Cloud-based simulation for services based on crowd-sensing
The challenge of this experiment was to improve the process of “fingerprinting” a city by offering a near real-time (in terms of hours) simulation to determine the best locations at which to take measurements. Doing this was expected to reduce the time to map a city from weeks to days and hence the associated costs by at least 50%. To achieve this objective, DFRC aimed to take advantage of advanced simulation services and tools running on a cloud infrastructure. The clear goal was to use high-performance simulations to speed up the deployment of LBASense. Clearly, the realisation of this goal would enhance DFRC’s competitive position in the market. To respond to this challenge, the mapping algorithm, which determines the best locations for measurement points, would need to be ported to a Cloud-based HPC system.
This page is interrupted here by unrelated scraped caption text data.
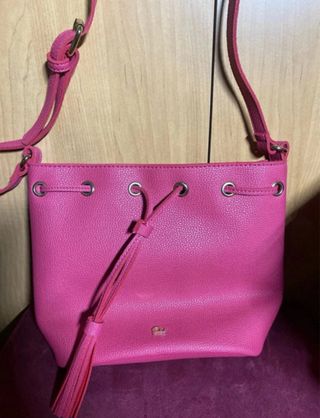 Bolso de hombro rosa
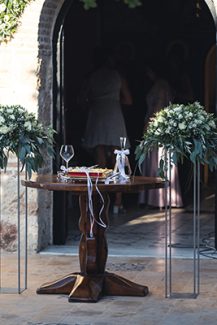 Στολισμός τελετής γάμου με φύλλα ελιάς και τριαντάφυλλα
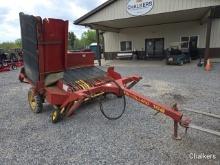 New Holland 166 Hay Inverter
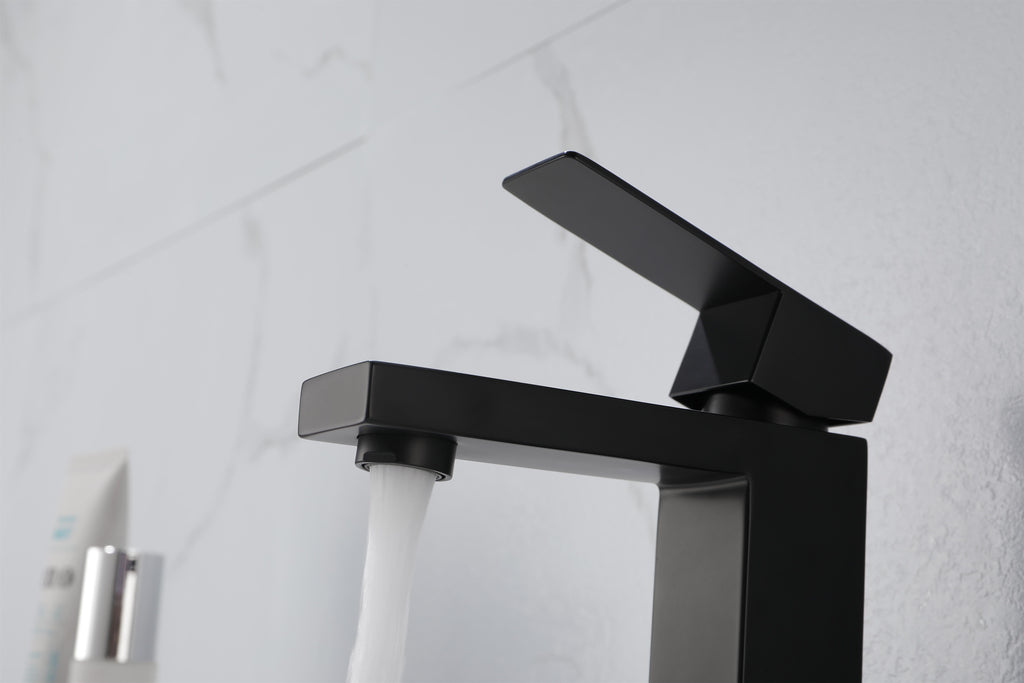 Single Handle Bathroom Sink Faucet with Pop-Up Drain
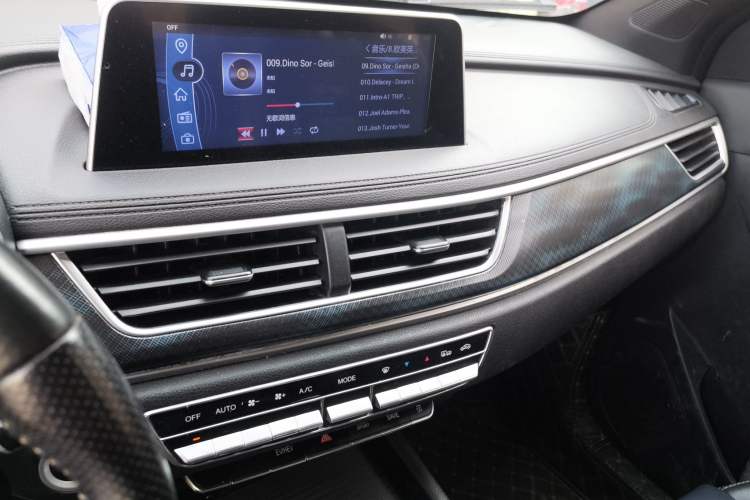 Used Dongfeng Fengon 580 New Energy 2019 1.8L PHEV Zhihao Model 7 Seats Audio And AC Panel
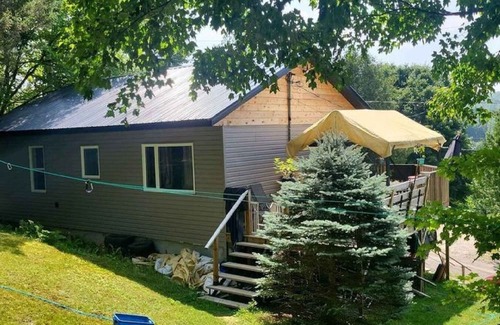 Sainte-Beatrix Ski Chalet | Chalet à Louer à Court Terme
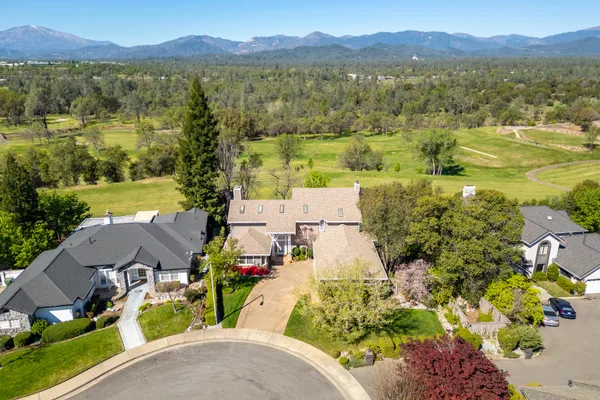 $659,900 | 6050 Gleneagles Court, Redding, CA 96003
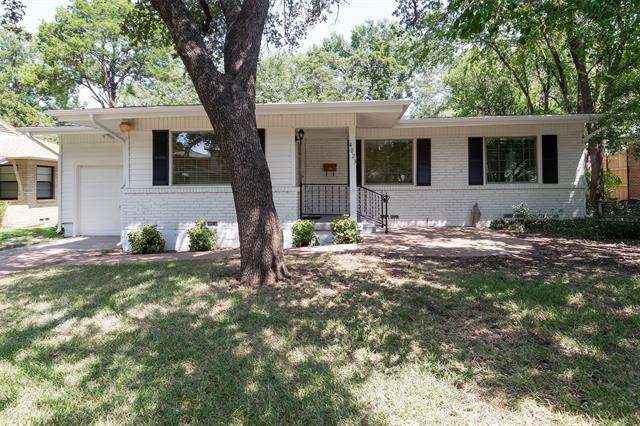 Building Photo - 4023 Park Ln
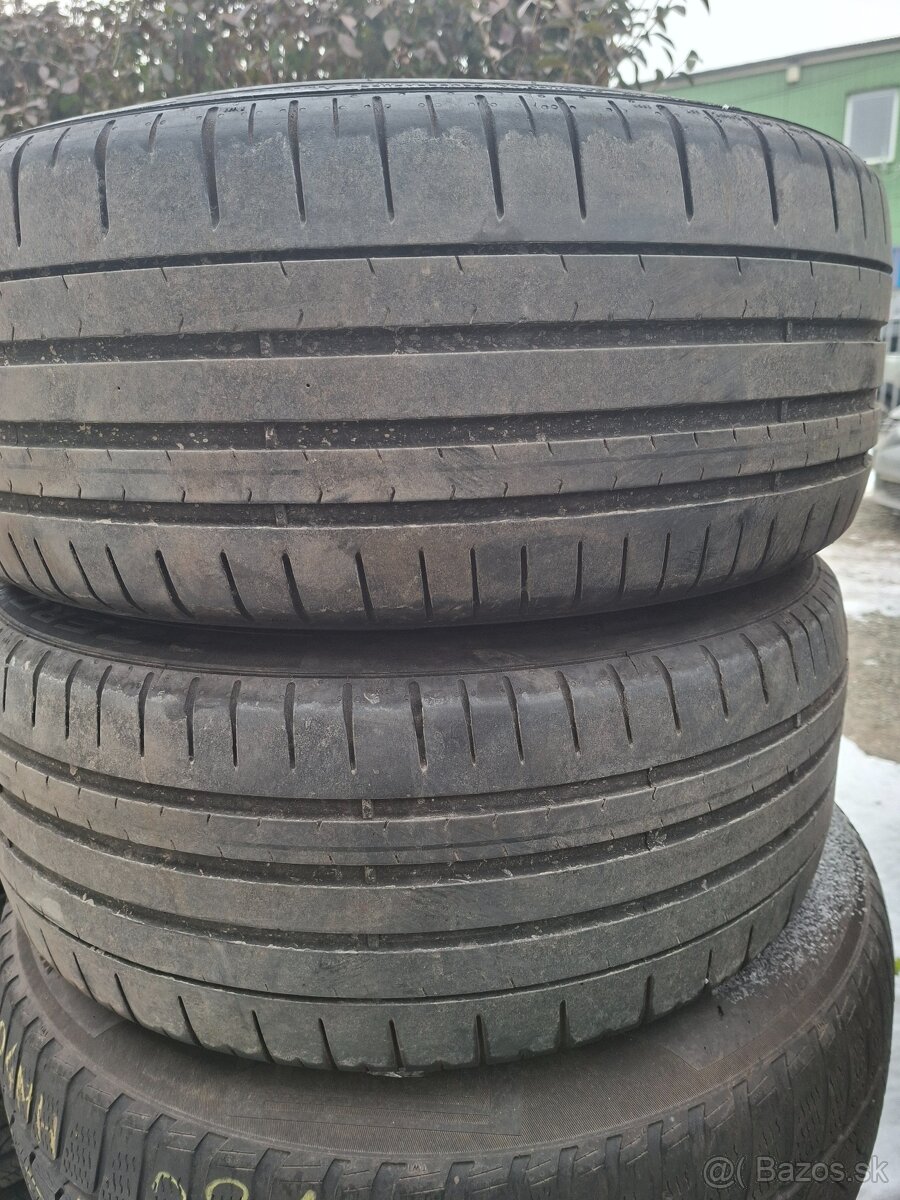 225/40 r18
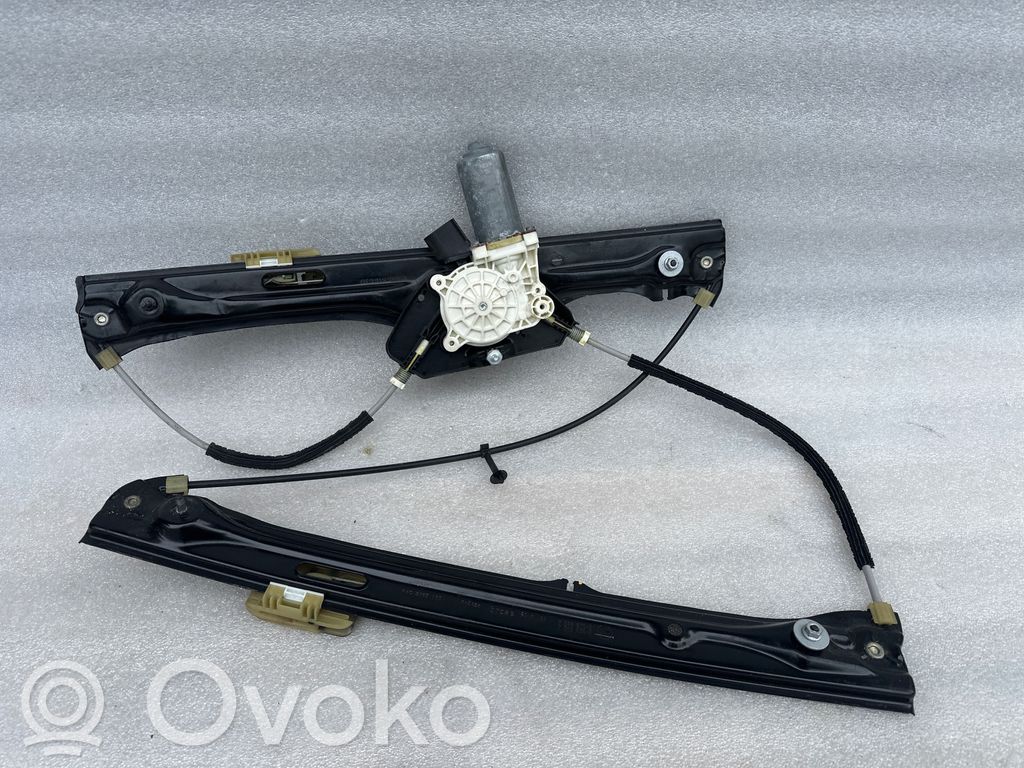 BMW X3 F25 Macara ușă față cu motor 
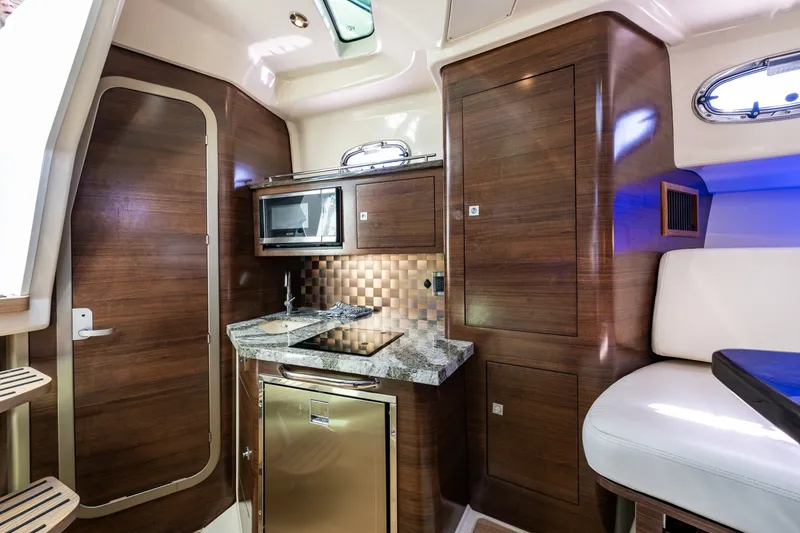 Slide: The Image of Boston Whaler 345 Conquest 2019 - 6105555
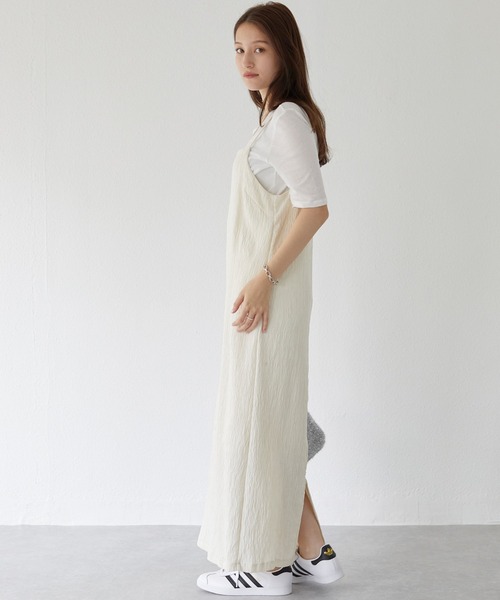 LAVEANGE(ラビアンジェ)の「楊柳カットソーキャミワンピース(ワンピース・レディース・オフホワイト/ブラウン/ブラック・4L/3L/LL/L/M)」の7枚目の写真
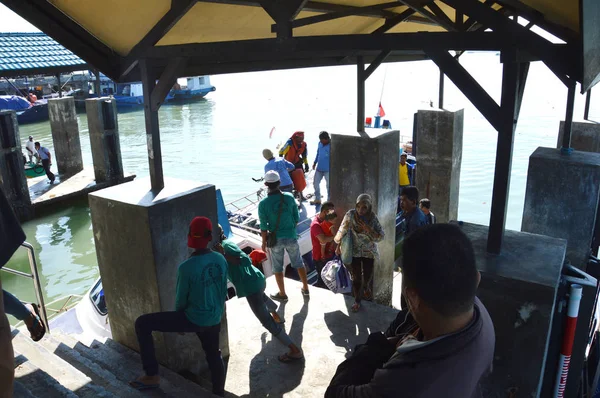 Tarakan Indonesia Mungkin 2016 Memuat Dan Membongkar Kegiatan Pelabuhan Tengkayu — Stok Foto
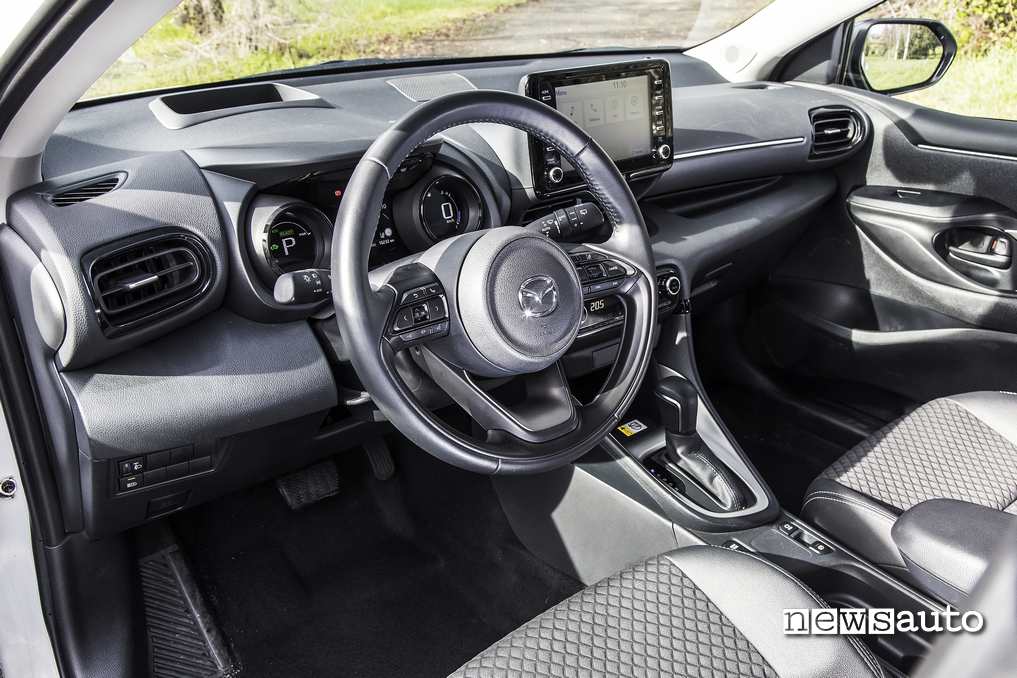 Mazda2 full hybrid interni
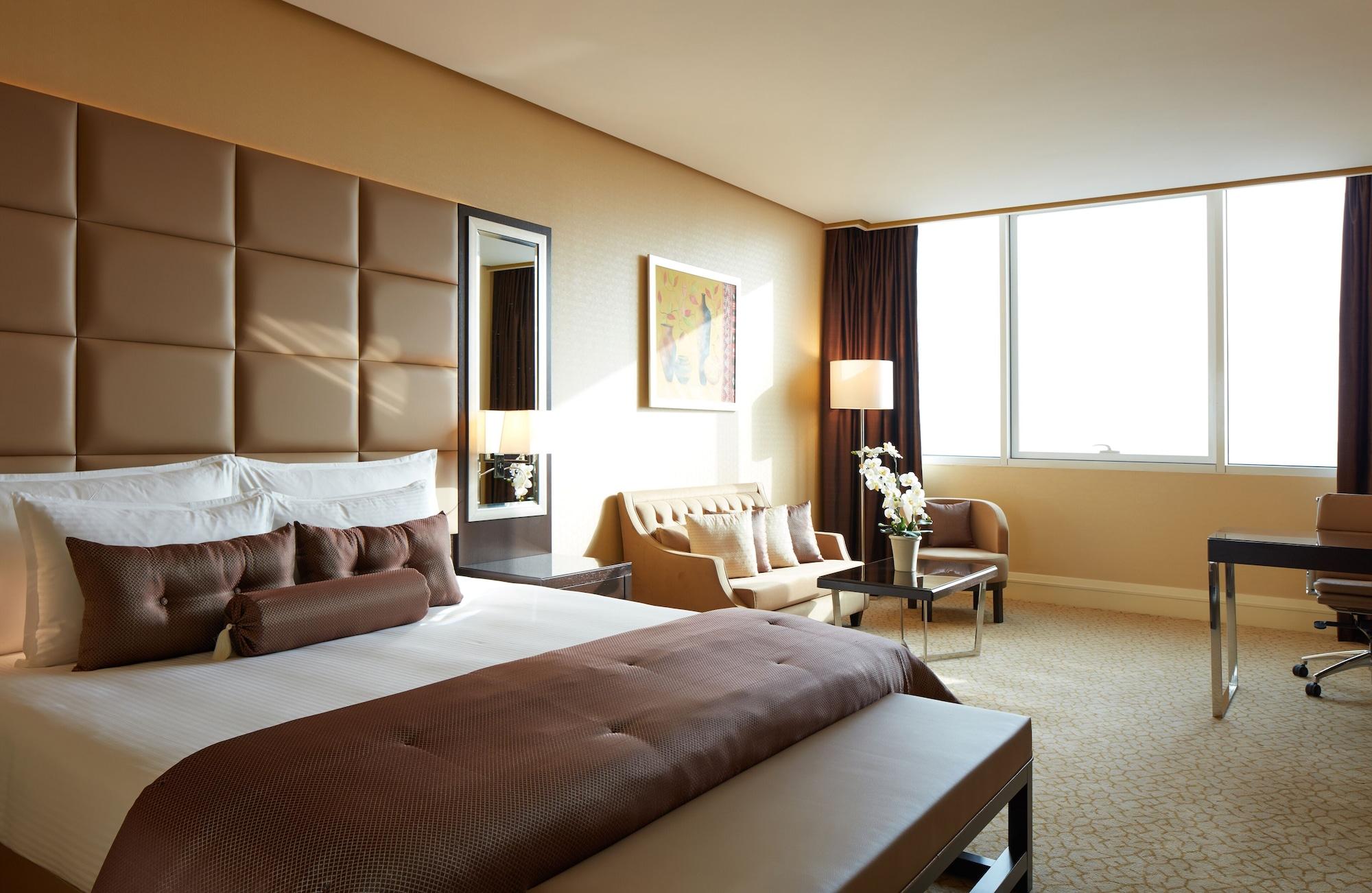 فندق ومركز مؤتمرات ميلينيوم الكويت المظهر الخارجي الصورة A room at the hotel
Existing simulation tools have been ported to enable them to run on an HPC system with many processors. Detailed tests have been made to verify the correctness, accuracy and stability of the ported algorithm and to determine the speed up of the implementation. The outcome of the experiment has been a high-performance combined simulation tool that reduces the deployment time of LBASense. This allows DFRC to finish a single iteration of the simulation within hours as opposed to days using a more conventional approach.
The ability to access a cost-effective one stop-shop HPC service enables DFRC to reduce significantly the deployment costs of LBASense. This saving is approximately two weeks each for two engineers per deployment, which is approximately €25K. The results show that DFRC is able to speed up the whole process of mapping a city (i.e. 1000 base stations – 10x10 km) by a factor that is very close to the number of processing units available. That is, with 32 processing units it is possible to speed up the computation process by a factor of almost 32. This allows DFRC to offer a cheaper, faster and more focused service and hence to be more competitive with respect to cellular operators. DFRC expects to gain new market share, especially by being able to reduce time to market. Based on the overall costs of installing LBASense in a city and the speed with which it can be done, DFRC expects to see a growth in its business from 20 installations in 2017 to 200 in 2021 with an overall cost saving of ~€8M.
HLRS benefits from the experiment through an increased knowledge about commercially relevant scenarios leading to improved offerings for a wider range of customers, which will increase its competitiveness.